The way information is presented to consumers isn’t helping either, other health care experts say.
“As a nutrigenomics specialist, I see how at-home genetics tests are overwhelming,” says Piper Gibson,
Director of Advanced Holistic Nutrition at Aria Wellness, in Los Cruces, N.M. “People reach out to me all the time asking me to help them understand their results. As a result, I’ve found that some companies will give you 12,000 pages of raw data and people don’t know how to read it all.”
Basically, no one is there to explain to them what exactly they are looking at and
what does it all means,” she adds.
Another problem - direct-to-consumer genetic tests are designed to only look at select
parts of your DNA - they are not comprehensive or examining every letter of
your genetic code, says Austin McKittrick, a certified genetic counselor at Genetic Support Foundation, in Olympia, Wash.
“This results in an immense amount of your genetics not being taken into consideration,” McKittrick says. “So, at best, you’re only getting part of the picture. These partial results are also often misunderstood by patients who believe they’ve had more comprehensive testing done.”
Conversely, just because you test ‘negative’ for a health condition on an at-home
test doesn’t mean that you have a low risk for that disease.
“23andMe (a genetic testing company) currently tests for three gene variants in the BRCA1 and BRCA2 genes that are substantially more common in individuals of Ashkenazi Jewish ancestry,” McKittrick says. “If you are not Ashkenazi Jewish and you carry a BRCA variant that increases
your risk for cancer, the 23andMe test most likely will not detect it.”
Consequently, these concepts can be difficult to understand, which is where meeting with
a specialist (such as a genetic counselor) can be helpful,” he says.
So-called “surprise results” are throwing test users some serious curveball, as well.
“Many people who do the at home genetic tests are finding out that one or both of their parents are not who they thought they were (a scenario known as non-paternity),” McKittrick adds. “Some studies have shown that non-paternity rates range from as low as 1% <https://www.ncbi.nlm.nih.gov/pmc/articles/PMC4611233/ up to as high as 30% <https://jech.bmj.com/content/59/9/749.long.”
“This can understandably cause much stress and anxiety not only for the individual but for their family. With millions of people doing ancestry testing every year, that adds up to quite a lot of people who will fall into this category,” he adds.
Even Physicians Have Problems with At-Home Genetic Testing
Worse, when at-home test takers go to their physicians, they’ll find out that many doctors don’t understand the genetic testing nor do they have the time to, Gibson says.

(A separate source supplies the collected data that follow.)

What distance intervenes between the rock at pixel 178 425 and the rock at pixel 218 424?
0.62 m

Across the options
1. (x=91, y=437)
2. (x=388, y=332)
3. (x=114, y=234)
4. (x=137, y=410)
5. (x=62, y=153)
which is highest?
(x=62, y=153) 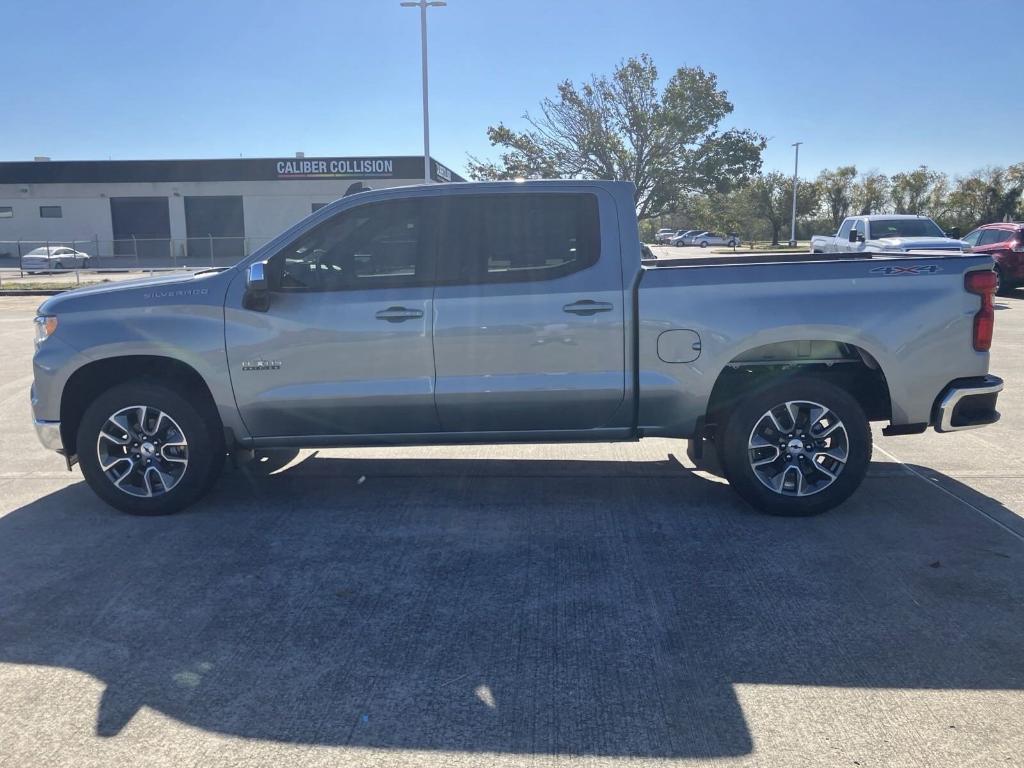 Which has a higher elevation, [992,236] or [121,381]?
[992,236]

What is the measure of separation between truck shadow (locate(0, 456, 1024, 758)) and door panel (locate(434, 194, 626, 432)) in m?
0.72

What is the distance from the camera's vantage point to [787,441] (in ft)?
18.5

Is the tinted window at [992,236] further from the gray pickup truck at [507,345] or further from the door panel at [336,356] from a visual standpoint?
the door panel at [336,356]

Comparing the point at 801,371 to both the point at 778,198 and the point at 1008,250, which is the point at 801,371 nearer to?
the point at 1008,250

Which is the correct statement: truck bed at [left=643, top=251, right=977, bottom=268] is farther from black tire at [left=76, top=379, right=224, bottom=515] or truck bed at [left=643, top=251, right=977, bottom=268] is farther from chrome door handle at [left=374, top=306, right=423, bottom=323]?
black tire at [left=76, top=379, right=224, bottom=515]

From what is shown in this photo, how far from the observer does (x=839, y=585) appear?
4605 mm

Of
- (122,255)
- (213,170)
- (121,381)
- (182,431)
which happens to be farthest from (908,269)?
(213,170)

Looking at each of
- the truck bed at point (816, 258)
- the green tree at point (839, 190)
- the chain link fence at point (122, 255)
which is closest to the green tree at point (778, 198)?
→ the green tree at point (839, 190)

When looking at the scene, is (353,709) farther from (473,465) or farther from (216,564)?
(473,465)

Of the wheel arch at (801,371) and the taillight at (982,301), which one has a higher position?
the taillight at (982,301)

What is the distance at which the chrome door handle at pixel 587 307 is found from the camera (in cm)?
554

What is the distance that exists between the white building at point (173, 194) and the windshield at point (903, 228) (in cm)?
2886

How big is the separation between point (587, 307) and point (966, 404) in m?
2.46

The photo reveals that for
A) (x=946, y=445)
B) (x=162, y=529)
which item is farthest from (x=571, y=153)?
(x=162, y=529) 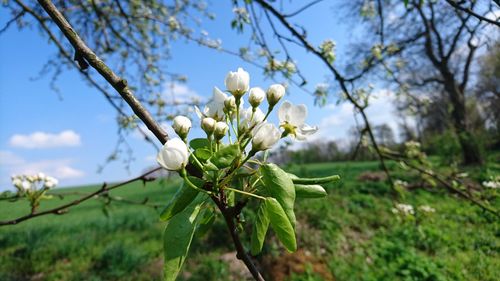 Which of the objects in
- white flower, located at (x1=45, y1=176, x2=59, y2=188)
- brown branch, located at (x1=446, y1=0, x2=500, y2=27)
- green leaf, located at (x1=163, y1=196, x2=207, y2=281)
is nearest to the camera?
green leaf, located at (x1=163, y1=196, x2=207, y2=281)

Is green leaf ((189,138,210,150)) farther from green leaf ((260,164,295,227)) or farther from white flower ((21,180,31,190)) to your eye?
white flower ((21,180,31,190))

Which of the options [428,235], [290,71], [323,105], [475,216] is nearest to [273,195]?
[290,71]

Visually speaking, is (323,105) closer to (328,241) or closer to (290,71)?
(290,71)

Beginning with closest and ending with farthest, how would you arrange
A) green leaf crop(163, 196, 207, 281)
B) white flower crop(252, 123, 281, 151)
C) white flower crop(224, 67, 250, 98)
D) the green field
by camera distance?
green leaf crop(163, 196, 207, 281), white flower crop(252, 123, 281, 151), white flower crop(224, 67, 250, 98), the green field

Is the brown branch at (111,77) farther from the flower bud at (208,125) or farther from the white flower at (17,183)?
the white flower at (17,183)

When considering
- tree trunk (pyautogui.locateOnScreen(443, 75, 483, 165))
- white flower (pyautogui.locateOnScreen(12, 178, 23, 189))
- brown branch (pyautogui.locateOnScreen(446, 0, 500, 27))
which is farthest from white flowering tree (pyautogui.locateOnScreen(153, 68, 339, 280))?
tree trunk (pyautogui.locateOnScreen(443, 75, 483, 165))

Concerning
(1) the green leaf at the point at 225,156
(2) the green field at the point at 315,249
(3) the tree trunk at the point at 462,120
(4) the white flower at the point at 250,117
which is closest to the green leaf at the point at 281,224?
(1) the green leaf at the point at 225,156

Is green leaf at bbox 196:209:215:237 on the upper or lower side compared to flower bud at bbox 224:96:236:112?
lower

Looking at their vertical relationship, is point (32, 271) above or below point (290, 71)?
below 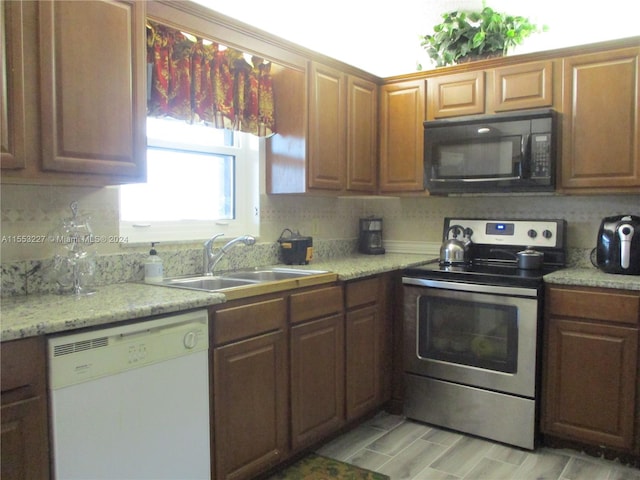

“Physicians are overwhelmed with patients and day to day practice,” she says. “Although this is changing, I know many people who have taken their test to their doctor and they didn't know what to do with it.”
Gibson says that if someone wants to know their genes better – and well they should - they should seek out a professional who has an understanding of testing and how it applies to the body.
“You really need someone who can explain what it all means.”